Pre-vocational secondary education track in the Netherlands

Pre-vocational secondary education (Voorbereidend middelbaar beroepsonderwijs, /nl/, lit. 'preparatory middle-level vocational education', abbr. VMBO) is a school track in the Netherlands. It lasts four years, from the age of twelve to sixteen. It combines vocational training with theoretical education in languages, mathematics, history, arts, and sciences. Sixty percent of students nationally are enrolled in VMBO. VMBO has five different levels; in each a different mix of practical vocational training and theoretical education is combined:

- Theoretical programme (theoretische leerweg, VMBO-T) is the most theoretical of the four. It prepares for middle management and vocational training at the MBO level of secondary education and it is needed to enter Hoger algemeen voortgezet onderwijs (HAVO). It is also known as MAVO.
- Combined programme (gemengde leerweg) is in between the theoretical and middle-management-oriented paths.
- Middle-management vocational programme (kaderberoepsgerichte leerweg) teaches theoretical education and vocational training equally.
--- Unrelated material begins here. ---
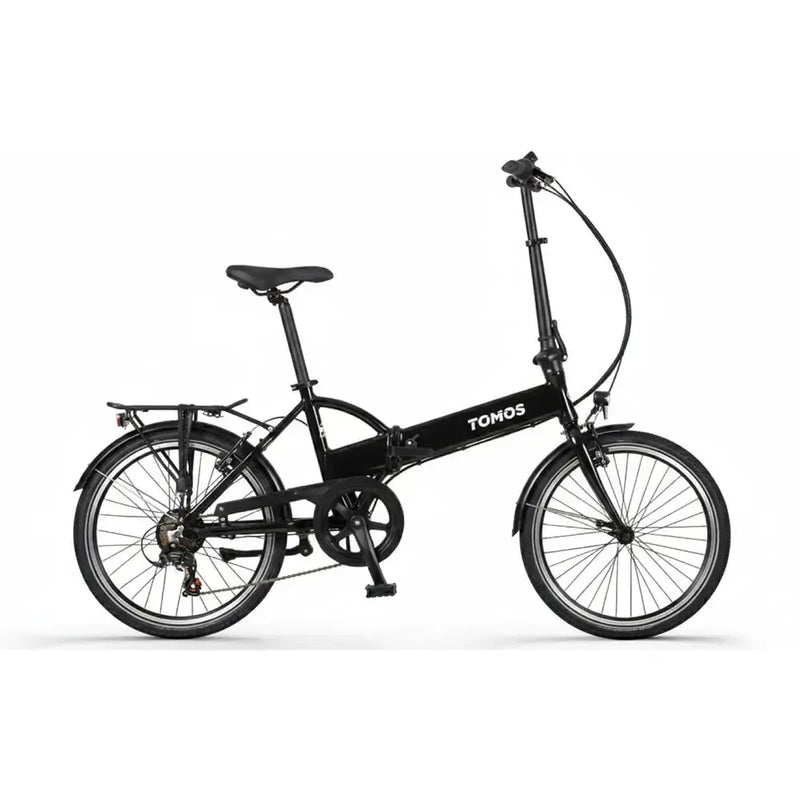 Tomos EB 10 - Antracit Lucios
It prepares for middle management and vocational training at the MBO level of secondary education.
- Basic vocational programme (basisberoepsgerichte leerweg) emphasizes vocational training and prepares for the vocational training at the MBO level of secondary education.
- Practical education (Praktijkonderwijs) consists of mainly vocational training. It is meant for pupils who would otherwise not obtain their VMBO diplomas. After obtaining this diploma pupils can enter the job market without further training.

For all of these levels there is "learning path supporting education" (Leerweg Ondersteunend Onderwijs), which is intended for pupils with educational or behavioural problems. These pupils are taught in small classes by specialised teachers.